Forward compile time iteration
Just a word on compile-time iteration with templates after having seen too much code which for no good reason forces the iteration to always go backward and specialize with one or zero to signal the termination condition, which is especially bad in the case of e.g. a tuple implementation where you end up with the types stored in the reverse order.
Backward iteration
Standard backward compile-time iteration goes like:
template < int Counter,.... > //iteration step
struct Iterator {
static void Do() {
...
Iterator< Counter - 1, ... > ::Do()
}
};
template < ... > //end iteration
struct Iterator< 1, ... > {
static void Do() {
...
}
};
or with derivation:
template < int Counter, .... >
struct Iterable : Iterable< Counter - 1, ... > {...};
template < ... > //end iteration
struct Iterable< 0, ... > {...};
Apart from iterating backward, you are also losing information about the actual iteration length in each step, this is easily fixed by adding an additional constant (i.e. all template specializations have the same value) template parameter holding the number of iteration steps. As an example of a compile-time backward iteration let’s implement a function that prints a message a constant number of times:
#include <iostream>
template < int N >
struct ReversePrinter {
static void Print() {
for(int t = 0; t != N - 1; ++t) std::cout << " ";
std::cout << "Iteration " << N << '\n';
ReversePrinter< N - 1 > ::Print();
}
};
template <>
struct ReversePrinter< 1 > {
static void Print() {
std::cout << "Iteration 0" << std::endl;
}
};
int main(int, char**) {
std::cout << "Standard reverse iterator:\n";
ReversePrinter< 3 > ::Print();
return 0;
}
If you compile and run the above code you get:
Standard reverse iterator:
Iteration 3
Iteration 2
Iteration 1
Note that it is not possible to properly indent the output because there is no information about the number of steps so an additional template parameter has to be added e.g.
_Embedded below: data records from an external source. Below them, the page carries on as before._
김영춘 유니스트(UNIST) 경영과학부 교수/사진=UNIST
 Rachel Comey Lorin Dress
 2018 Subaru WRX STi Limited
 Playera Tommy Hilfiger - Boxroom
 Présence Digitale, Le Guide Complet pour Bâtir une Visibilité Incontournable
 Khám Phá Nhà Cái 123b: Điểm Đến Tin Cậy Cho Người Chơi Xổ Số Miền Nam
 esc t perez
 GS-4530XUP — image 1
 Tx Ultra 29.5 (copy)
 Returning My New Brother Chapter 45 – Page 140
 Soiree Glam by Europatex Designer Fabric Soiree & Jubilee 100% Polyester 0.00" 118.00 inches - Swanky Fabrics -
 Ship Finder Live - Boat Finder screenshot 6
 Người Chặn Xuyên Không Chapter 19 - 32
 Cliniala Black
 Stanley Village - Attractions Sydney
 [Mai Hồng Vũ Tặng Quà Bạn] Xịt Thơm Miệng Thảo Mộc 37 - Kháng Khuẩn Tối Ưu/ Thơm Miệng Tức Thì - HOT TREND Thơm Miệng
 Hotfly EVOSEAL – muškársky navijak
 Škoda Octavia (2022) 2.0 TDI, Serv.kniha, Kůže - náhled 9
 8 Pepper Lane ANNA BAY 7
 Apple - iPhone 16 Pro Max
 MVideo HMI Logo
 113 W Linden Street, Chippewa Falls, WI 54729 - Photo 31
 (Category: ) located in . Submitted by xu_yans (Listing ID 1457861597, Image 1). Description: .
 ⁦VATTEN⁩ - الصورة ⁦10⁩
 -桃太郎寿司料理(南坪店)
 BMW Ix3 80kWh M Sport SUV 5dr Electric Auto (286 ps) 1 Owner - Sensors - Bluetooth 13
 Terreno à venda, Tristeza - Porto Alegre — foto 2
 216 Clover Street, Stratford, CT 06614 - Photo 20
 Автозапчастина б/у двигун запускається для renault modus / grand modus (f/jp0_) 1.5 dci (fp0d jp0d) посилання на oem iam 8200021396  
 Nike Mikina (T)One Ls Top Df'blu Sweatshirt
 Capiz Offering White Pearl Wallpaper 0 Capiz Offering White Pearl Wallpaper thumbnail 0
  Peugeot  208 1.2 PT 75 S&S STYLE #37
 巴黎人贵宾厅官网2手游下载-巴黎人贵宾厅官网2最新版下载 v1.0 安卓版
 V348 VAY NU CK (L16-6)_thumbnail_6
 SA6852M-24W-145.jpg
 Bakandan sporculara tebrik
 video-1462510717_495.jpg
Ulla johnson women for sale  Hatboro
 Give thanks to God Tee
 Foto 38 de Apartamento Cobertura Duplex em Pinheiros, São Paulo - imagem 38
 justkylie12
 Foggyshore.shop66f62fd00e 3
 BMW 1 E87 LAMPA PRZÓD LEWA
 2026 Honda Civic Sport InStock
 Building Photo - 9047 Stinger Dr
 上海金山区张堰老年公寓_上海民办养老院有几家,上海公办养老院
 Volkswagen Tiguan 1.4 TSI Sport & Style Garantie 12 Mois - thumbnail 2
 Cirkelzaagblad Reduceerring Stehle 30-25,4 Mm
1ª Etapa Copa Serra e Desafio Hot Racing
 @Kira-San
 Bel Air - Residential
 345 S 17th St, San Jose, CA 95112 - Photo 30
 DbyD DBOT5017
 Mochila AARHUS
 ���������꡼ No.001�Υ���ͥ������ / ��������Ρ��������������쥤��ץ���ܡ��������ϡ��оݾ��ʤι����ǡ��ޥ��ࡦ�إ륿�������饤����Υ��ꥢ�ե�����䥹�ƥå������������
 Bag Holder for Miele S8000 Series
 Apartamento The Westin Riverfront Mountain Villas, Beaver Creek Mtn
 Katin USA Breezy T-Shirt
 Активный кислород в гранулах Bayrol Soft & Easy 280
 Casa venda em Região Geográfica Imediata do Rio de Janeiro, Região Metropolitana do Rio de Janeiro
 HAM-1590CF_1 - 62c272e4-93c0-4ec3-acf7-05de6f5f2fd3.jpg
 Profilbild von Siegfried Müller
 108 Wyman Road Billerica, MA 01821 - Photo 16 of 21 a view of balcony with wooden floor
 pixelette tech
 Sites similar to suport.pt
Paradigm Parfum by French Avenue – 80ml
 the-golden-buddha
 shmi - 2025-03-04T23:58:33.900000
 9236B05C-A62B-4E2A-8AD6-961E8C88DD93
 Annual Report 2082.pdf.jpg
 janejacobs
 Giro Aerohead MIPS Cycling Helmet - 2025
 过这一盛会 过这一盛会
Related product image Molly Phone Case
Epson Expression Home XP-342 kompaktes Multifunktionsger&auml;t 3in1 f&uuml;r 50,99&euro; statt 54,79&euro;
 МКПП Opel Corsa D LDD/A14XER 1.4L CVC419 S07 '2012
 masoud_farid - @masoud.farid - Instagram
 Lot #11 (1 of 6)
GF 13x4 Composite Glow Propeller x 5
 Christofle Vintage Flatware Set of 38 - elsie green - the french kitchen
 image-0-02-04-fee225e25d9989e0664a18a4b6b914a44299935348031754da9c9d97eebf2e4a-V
template < int N, ...., int NumIterations = N >
In order to keep the public interface intact it is also possible to create a helper class accepting both the counter and number of iterations and use it to perform the actual iteration.
Forward iteration
Forward iteration can easily be implemented with the following pattern:
template < int NumIterations, int Counter, ... >
struct Iterator {
static void Do() {
...
Iterator< NumIterations, Counter + 1, ... > ::Do()
}
};
template < ... > //end iteration
struct Iterator< NumIterations, NumIterations, ... > {
static void Do() {
...
}
};
The trick hre is to use the amazing pattern matching capabilities of C++ templates
and specialize with Counter == NumIterations, i.e. stopping the iteration when
both Counter and NumIterations have the same value.
With this approach the compile-time print algorithm is easily implemented as:
#include <iostream>
template < int N, int Count = 1 >
struct Printer {
static void Print() {
for(int t = 0; t != Count - 1; ++t) std::cout < < " ";
std::cout << "Iteration " << Count << '\n';
Printer< N, Count + 1 > ::Print();
}
};
template < int N >
struct Printer< N, N > {
static void Print() {
for(int t = 0; t != N - 1; ++t) std::cout << " ";
std::cout << "Iteration " << N << std::endl;
}
};
int main(int, char**) {
std::cout << "Forward iterator:\n";
Printer< 3 > ::Print();
return 0;
}
which leads to the following output:
Forward iterator:
Iteration 1
Iteration 2
Iteration 3
As you can see the iteration takes place in forward order.
The Counter itself can be default initialized to one or we can use a helper
class to leave the public interface untouched.